Thanks for posting this.


----------



## target

Shawn, you have way more patience than me. I'd have flooded it by now.


----------



## eternity302

target said:


> Shawn, you have way more patience than me. I'd have flooded it by now.


LOL! That wuz exactly what i was thinking! HAHAHA! Would of just garbaged those plants and let the fish roll! HAHA~


----------



## Nicklfire

Well if i'm going to do it, i'm going to do it right lol  patience is very vital for me, trust me there has been so many times i just want to flood it and start adding livestock and plants lol

I want to see it when it's all done and go.. wow.. that's cool


----------



## Nicklfire

I would have LOVED to post pictures of a AWESOME full carpet of HC apon my return but i have some bad news... not as BAD as it could have been though.
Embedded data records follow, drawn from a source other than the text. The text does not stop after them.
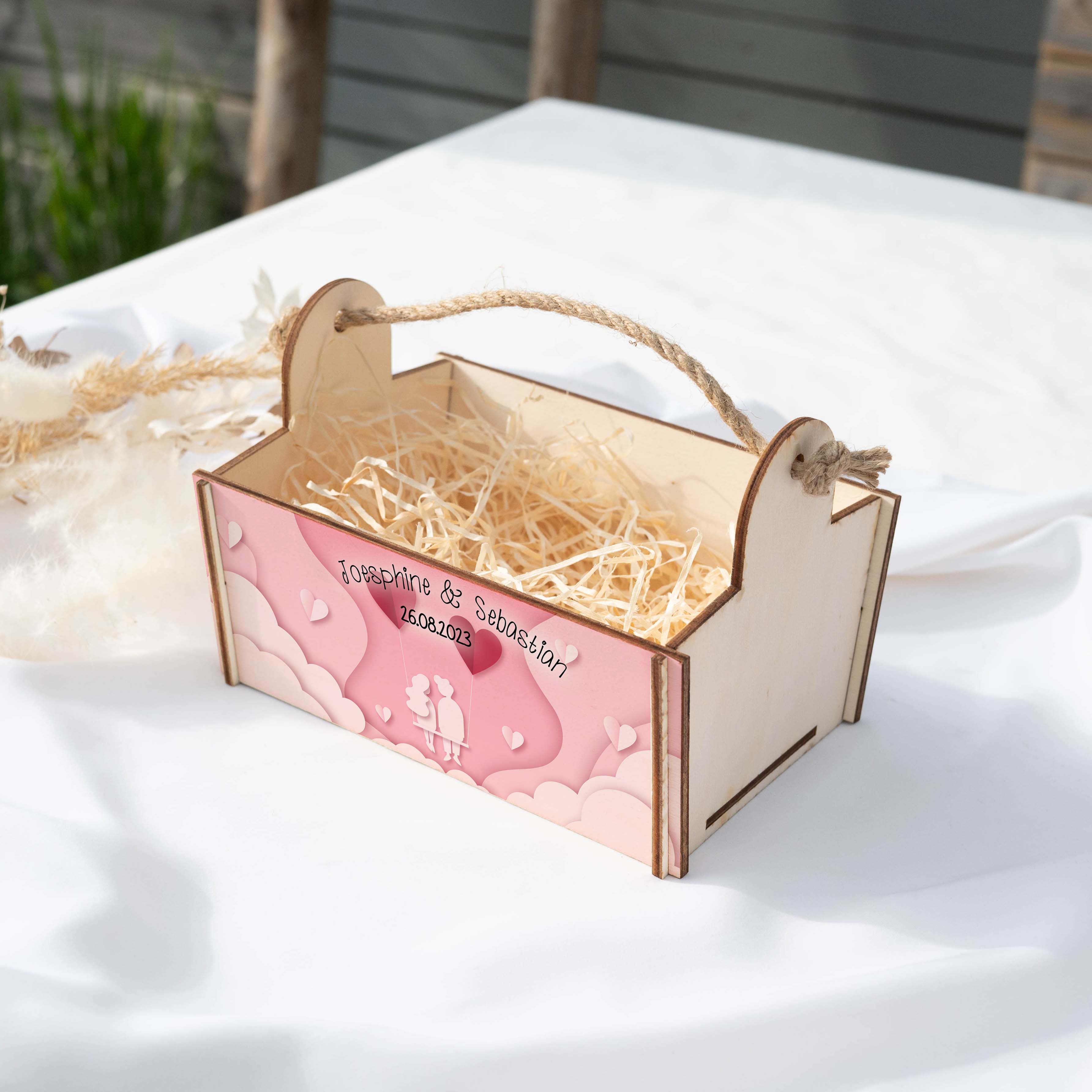 Geschenkkorb mit Holzwolle, Bausatz mit Motiv 16 Verliebte auf Schaukel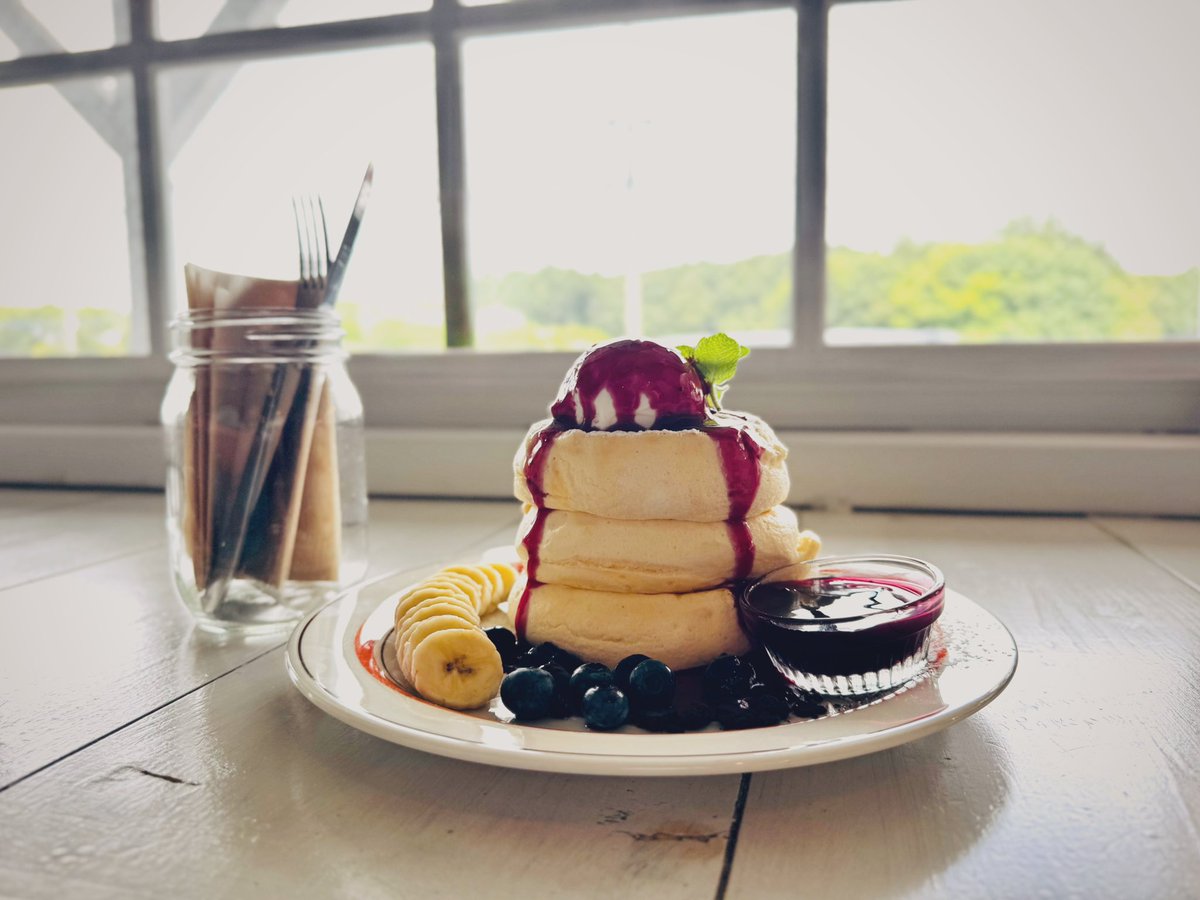 毎年マンゴーを選んでしまうから
今年こそはブルーベリーフロマージュ
#トタンコットンカフェ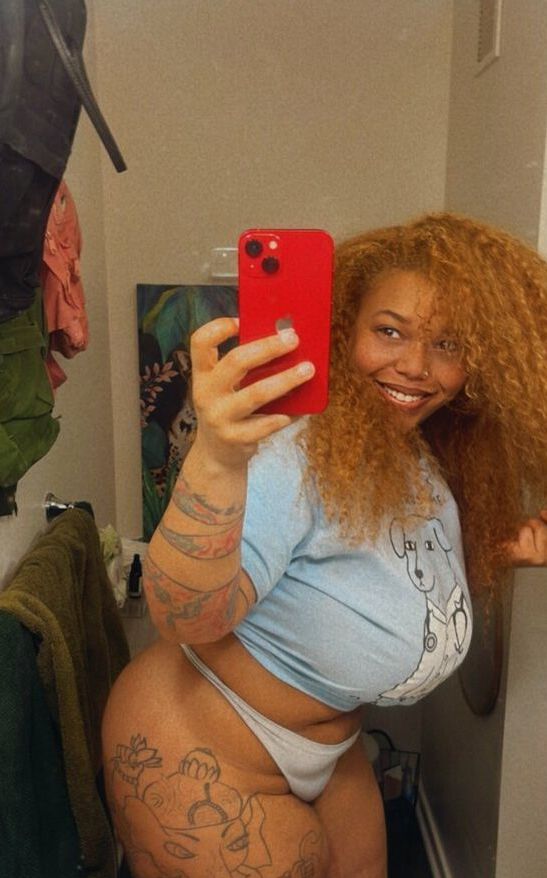 BadGyalGoodLife nude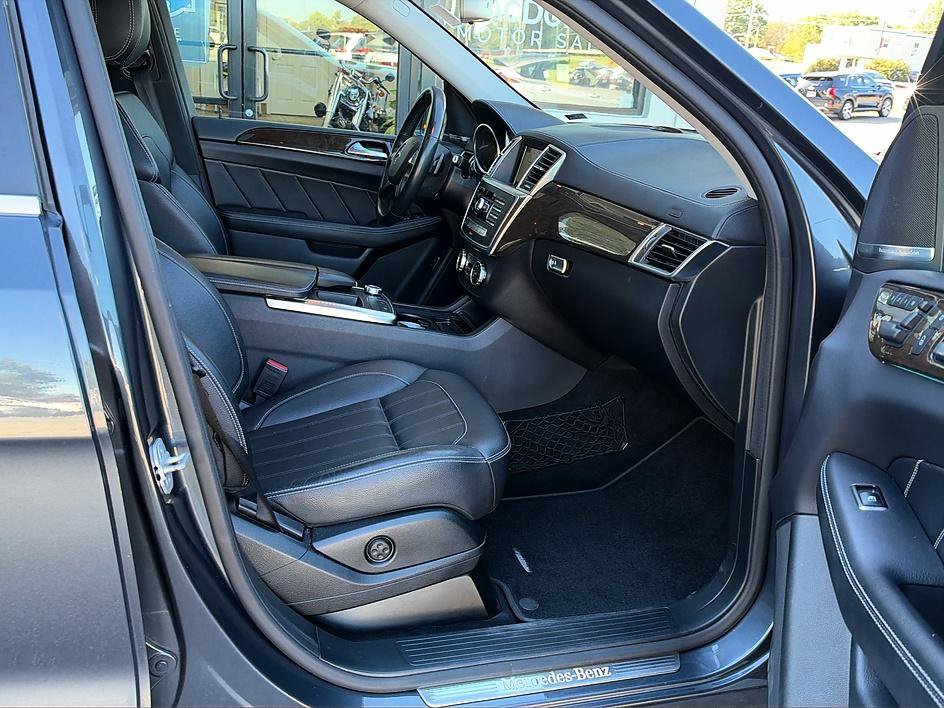 Used 2015 Mercedes-Benz GL 450 4MATIC image 36
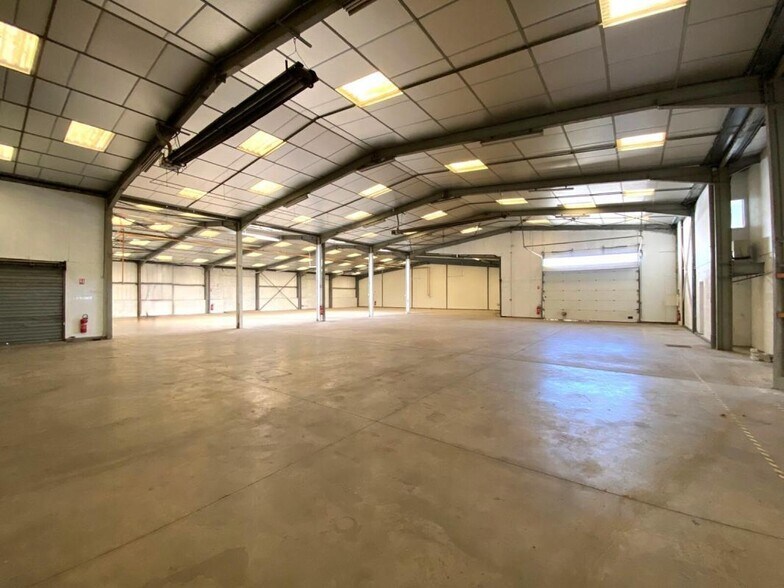 Local d'activités dans CIVRIEUX-D'AZERGUES à vendre - Photo de l’immeuble – Image 2 sur 9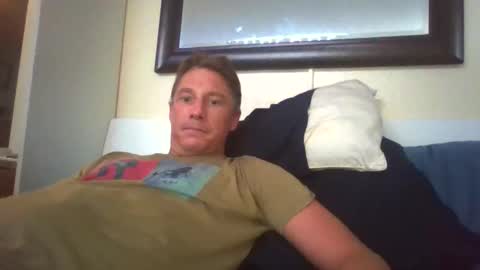 Snapshot of xxxelentdick chatting on April 11, 9:19 pm deeeeznutz online show from April 11, 9:19 pm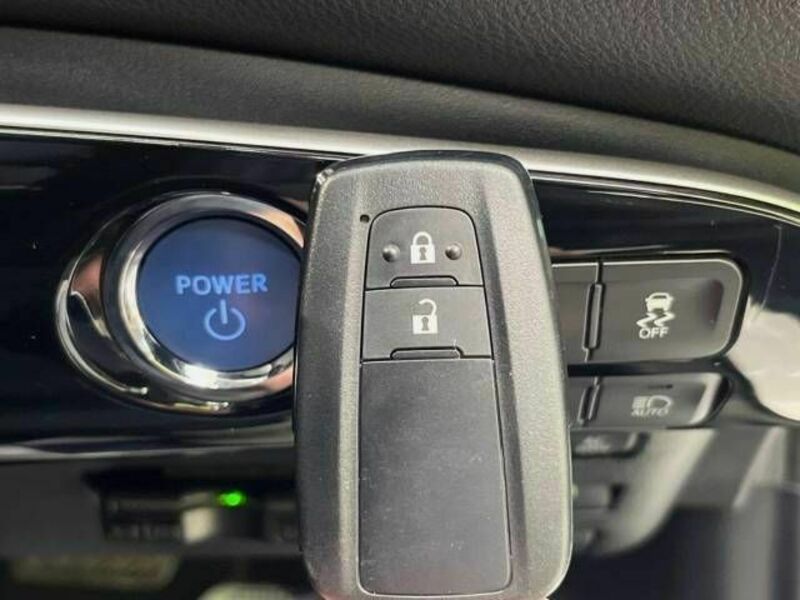 PRIUS-8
At some point over my trip my cat go on top of my aquarium where the syran wrap was and stared clawing it or fell into it a bit... regardless about 1/4 of the top was gone.

This caused the humidity in the tank to completely vanish.. and the water to evaporate.

When i returned the substrate was dry and the plants were barely holding on. I quickly filled up the tank back with water and hopefully we will see what happens.

It's been about 4 days and the plants are recovering, so hopefully in another week i will be ahead of where i was 4 weeks ago lol


----------



## CRS Fan

Cats will always find a way to get in trouble, it's their nature ! Hopefully your HC recovers.

Best regards,

Stuart


----------